The books are wonderfully eloquent within this collection. They are guardians of memory and embody what shapes society, in its cultural and aesthetic forms.
Anne-Laure Charrier-Ranoux, Head of the Library, Musée des Arts Décoratifs
FASHION HISTORY
These 170 books tell another story of fashion—one that Peclers Paris has helped shape.
From the 1970s onward, the agency became part of a founding movement: that of the style bureaux, which emerged at the heart of the Paris fashion scene to help brands understand and build trends.
Within an ecosystem still taking shape, Peclers Paris introduced a method.
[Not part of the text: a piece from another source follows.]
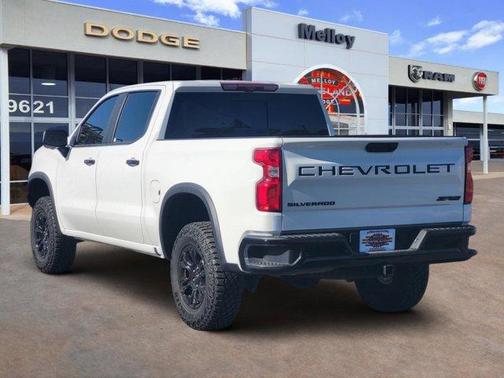 Summit White 2025 Chevrolet Silverado 1500 ZR2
Observing, analyzing, anticipating: an approach that does not simply follow fashion, but actively contributes to how it takes form.
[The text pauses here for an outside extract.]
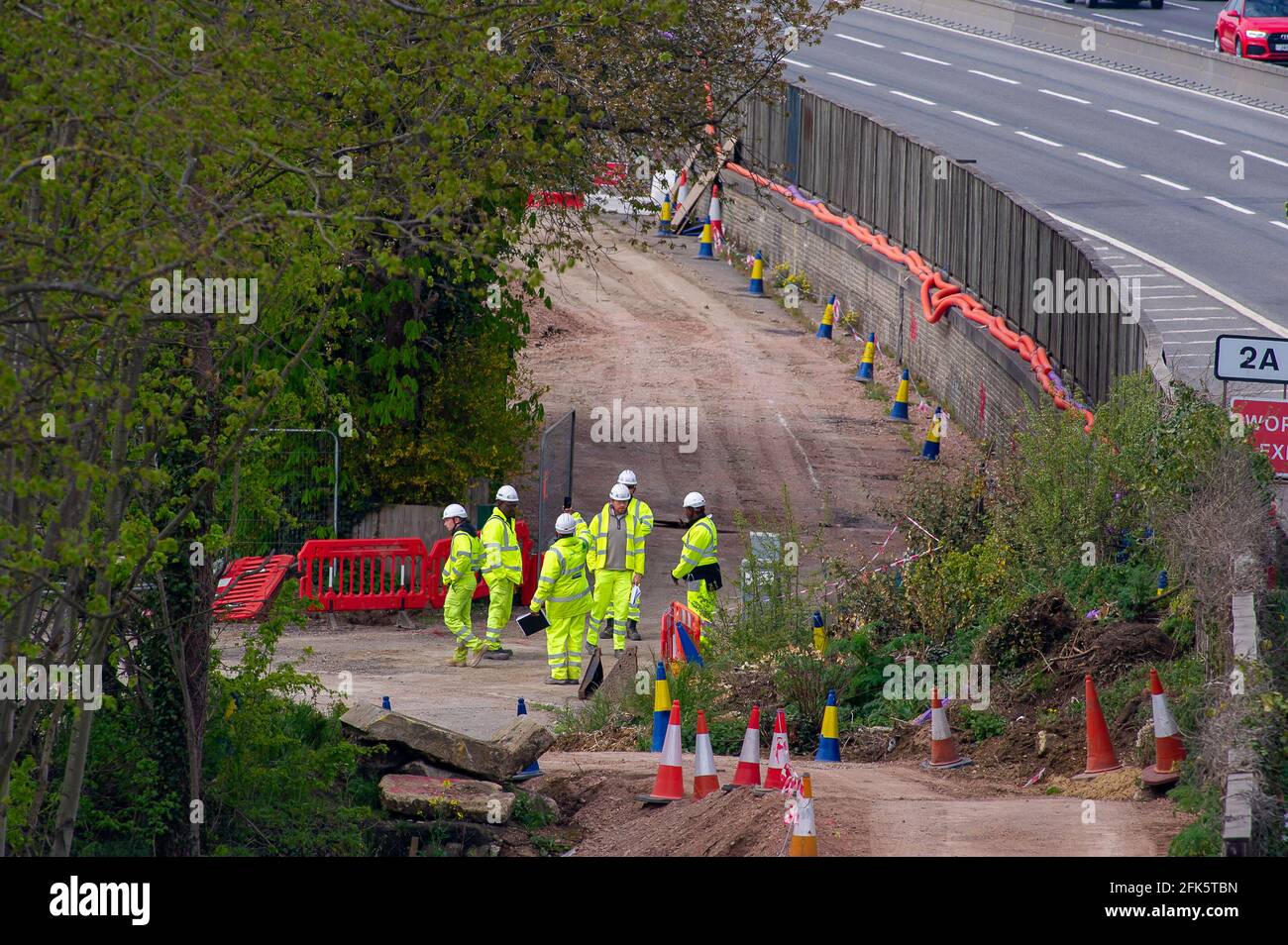 Dorney Reach, Buckinghamshire, Großbritannien. April 2021. Bauarbeiter neben der M4. Die M4 wird zu einer Smart Motorway mit All-Lane-Running (ALR) ausgebaut. Verkehrsminister Grant Shapps hat angekündigt, dass keine weiteren ALR-Autobahnen geöffnet werden dürfen, ohne dass Radartechnologie eingesetzt wird, um gestoppte Fahrzeuge zu lokalisieren. In den letzten 5 Jahren hat es in Großbritannien 38 Tote auf intelligenten Autobahnen gegeben. Quelle: Maureen McLean/Alamy Stockfoto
Over the decades, the agency has developed a distinctive expertise at the intersection of cultural analysis and creative intuition. It has helped transform trend into a strategic tool—serving brands, but also the creative process itself.
This is the story these books tell. They do not merely document style; they take part in shaping it. They reflect a way of reading the world, extracting signals, and translating them into creative directions.
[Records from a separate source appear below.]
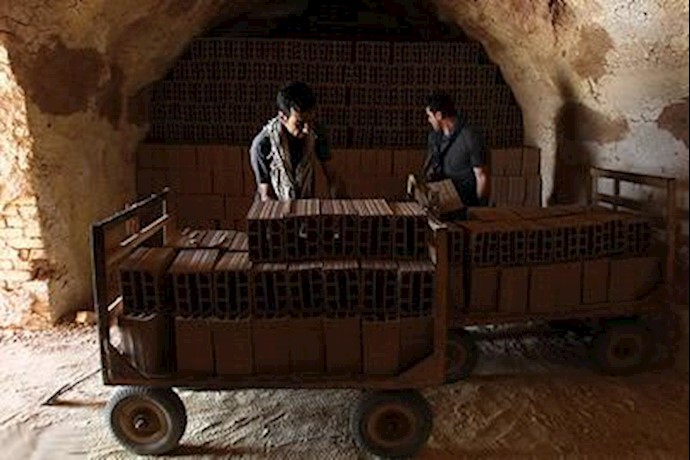 Brick factory workers stage strike in Boukan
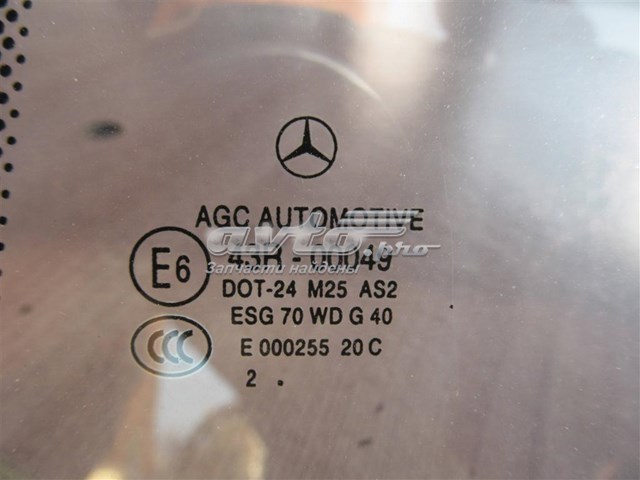 Скло-кватирка двері, задній, лівою на Mercedes C (W204)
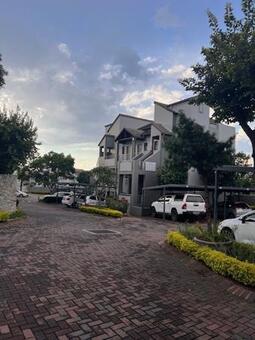 1 Bedroom Flat in Sunninghill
Through them, an entire history of fashion comes into view.


WHEN FORECASTING BECOMES ARCHIVE
With the inclusion of these trend books in the Library of the Musée des Arts Décoratifs, their reading shifts. Designed to anticipate the future, they are now preserved to shed light on the past.
By entering the Library, they become a form of contemporary heritage: a living record of aesthetic, cultural, and social transformations.
Between Peclers Paris, which anticipates, and the Musée des Arts Décoratifs, which preserves, a dialogue emerges: what once projected the future now becomes an archive of the present.
The entire team at Peclers Paris — including its CEO Anne Etienne Reboul, its founder Dominique Peclers, and all those who have contributed to shaping the agency’s history — share a deep sense of pride and emotion at seeing these books now held within the collections of the Library of the Musée des Arts Décoratifs.